Currently the docstring says
...
A new object is produced unless the new index is equivalent to the current one and ``copy=False``.
...
copy : bool, default True
Return a new object, even if the passed indexes are the same.
It is hard to clarify what is considered an "equivalent" index. See below for more details.

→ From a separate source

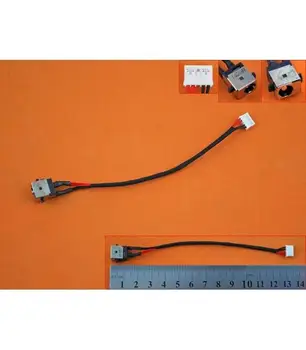 Dc jack for ASUS K450 X450JF (with cord, 5 pin, 4 cables)
Dc jack for ASUS K450 X450JF (with cord, 5 pin, 4 cables)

Further, I believe users rarely purposefully tries to reindex
with an "equivalent" index. It happens only if the user does not yet know the current index or the index to conform to, in which case a consistent behavior (e.g. always return new object) is probably preferred.
# On current master
>>> pd.__version__
'1.1.0.dev0+1802.g942beba1e'
>>> df = pd.DataFrame(range(3))
>>> df
0
0 0
1 1
2 2
>>> df.index
RangeIndex(start=0, stop=3, step=1)
# not equivalent
>>> df is df.reindex(range(3), copy=False)
False
# not equivalent
>>> df is df.reindex(list(range(3)), copy=False)
False
# equivalent
>>> df is df.reindex(pd.RangeIndex(start=0, stop=3, step=1), copy=False)
True
>>> df = pd.DataFrame(range(3), index=list(range(3)))
>>> df
0
0 0
1 1
2 2
>>> df.index
Int64Index([0, 1, 2], dtype='int64')
# not equivalent
>>> df is df.reindex(range(3), copy=False)
False
# even this is considered not equivalent
>>> df is df.reindex(list(range(3)), copy=False)
False
>>> df is df.reindex(pd.Int64Index([0, 1, 2]), copy=False)
True
You can see it is actually pretty strict to be "equivalent". I feel it does really make sense to have this copy
parameter because reindex
will return a new object in most cases anyway even when copy=False
.
So the question is, can we deprecate copy
?